Data extracted from a collection:
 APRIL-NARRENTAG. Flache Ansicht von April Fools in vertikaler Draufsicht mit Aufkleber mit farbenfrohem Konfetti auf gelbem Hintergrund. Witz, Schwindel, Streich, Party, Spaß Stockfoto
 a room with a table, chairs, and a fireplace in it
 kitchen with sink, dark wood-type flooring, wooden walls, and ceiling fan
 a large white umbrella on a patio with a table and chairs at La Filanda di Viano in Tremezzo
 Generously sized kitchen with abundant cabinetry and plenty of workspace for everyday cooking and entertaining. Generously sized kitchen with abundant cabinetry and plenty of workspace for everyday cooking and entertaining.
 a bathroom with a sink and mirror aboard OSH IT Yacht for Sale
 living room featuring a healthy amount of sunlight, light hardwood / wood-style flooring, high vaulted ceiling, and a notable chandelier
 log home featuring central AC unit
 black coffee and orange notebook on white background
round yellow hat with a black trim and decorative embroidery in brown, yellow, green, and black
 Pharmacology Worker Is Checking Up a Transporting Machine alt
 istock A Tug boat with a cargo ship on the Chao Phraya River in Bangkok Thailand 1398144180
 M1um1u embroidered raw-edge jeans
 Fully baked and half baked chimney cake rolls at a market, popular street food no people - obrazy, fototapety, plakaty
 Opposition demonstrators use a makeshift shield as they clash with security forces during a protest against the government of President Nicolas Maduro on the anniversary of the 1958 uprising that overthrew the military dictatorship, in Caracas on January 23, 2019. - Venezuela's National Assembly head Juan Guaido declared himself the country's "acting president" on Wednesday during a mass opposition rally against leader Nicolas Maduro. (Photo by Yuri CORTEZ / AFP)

▸ **Task prompt**
Show a copy of each line from the records above in which the string "with" occurs.

▸ **Answer for the task**
 a room with a table, chairs, and a fireplace in it
 kitchen with sink, dark wood-type flooring, wooden walls, and ceiling fan
 a large white umbrella on a patio with a table and chairs at La Filanda di Viano in Tremezzo
 Generously sized kitchen with abundant cabinetry and plenty of workspace for everyday cooking and entertaining. Generously sized kitchen with abundant cabinetry and plenty of workspace for everyday cooking and entertaining.
 a bathroom with a sink and mirror aboard OSH IT Yacht for Sale
round yellow hat with a black trim and decorative embroidery in brown, yellow, green, and black
 istock A Tug boat with a cargo ship on the Chao Phraya River in Bangkok Thailand 1398144180
 Opposition demonstrators use a makeshift shield as they clash with security forces during a protest against the government of President Nicolas Maduro on the anniversary of the 1958 uprising that overthrew the military dictatorship, in Caracas on January 23, 2019. - Venezuela's National Assembly head Juan Guaido declared himself the country's "acting president" on Wednesday during a mass opposition rally against leader Nicolas Maduro. (Photo by Yuri CORTEZ / AFP)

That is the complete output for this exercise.